Directions: Would you return the listing that follows exactly, leaving its pictures behind?

Material provided:
=== Begin Enclosure ===

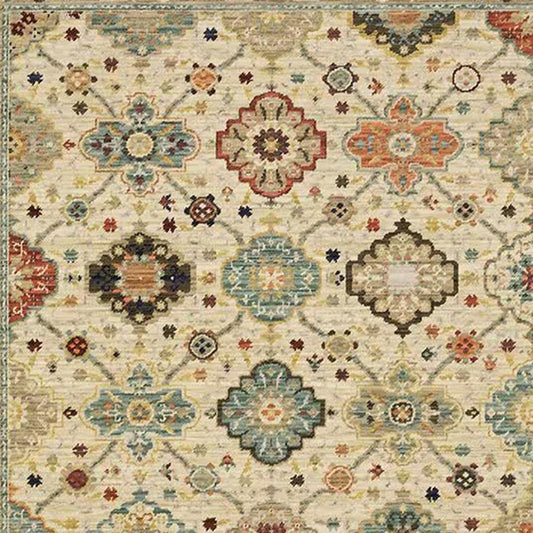 12' Beige And Ivory Genuine Wool Oriental Runner Rug With Fringe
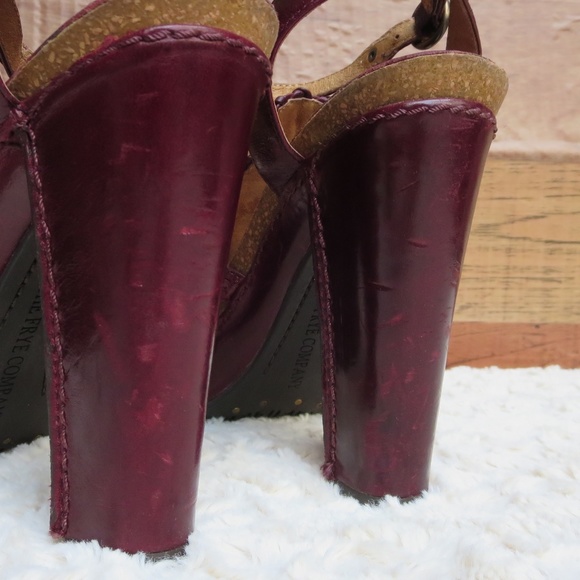 NEW! Frye 7 Wine Color Grace T Strap Sandal/Heels - Picture 4 of 6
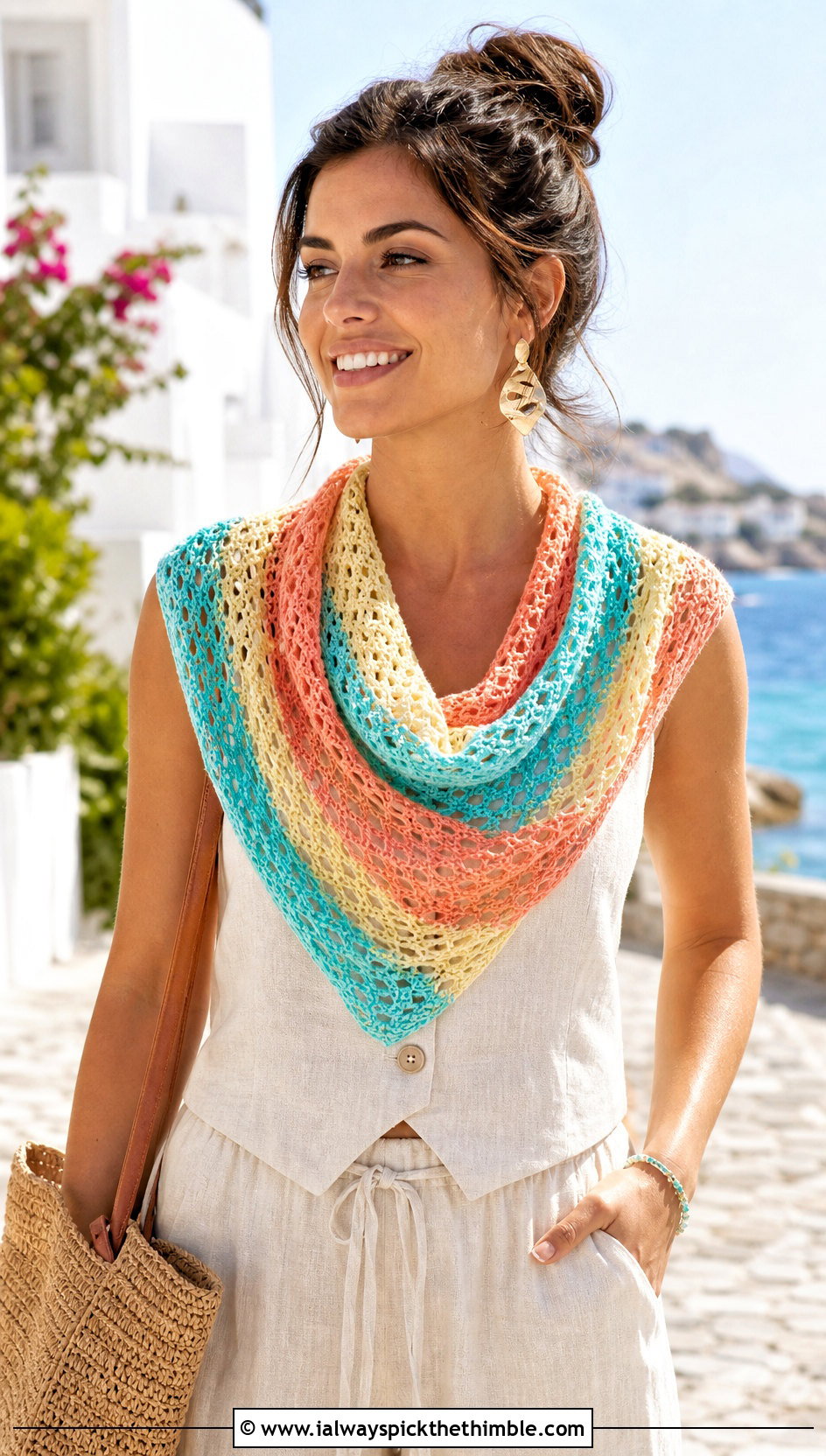 Striped Lace Mesh Crochet Cowl With Linen Set - 15 striped crochet cowl outfit ideas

=== End Enclosure ===

Your response:
 12' Beige And Ivory Genuine Wool Oriental Runner Rug With Fringe
 NEW! Frye 7 Wine Color Grace T Strap Sandal/Heels - Picture 4 of 6
 Striped Lace Mesh Crochet Cowl With Linen Set - 15 striped crochet cowl outfit ideas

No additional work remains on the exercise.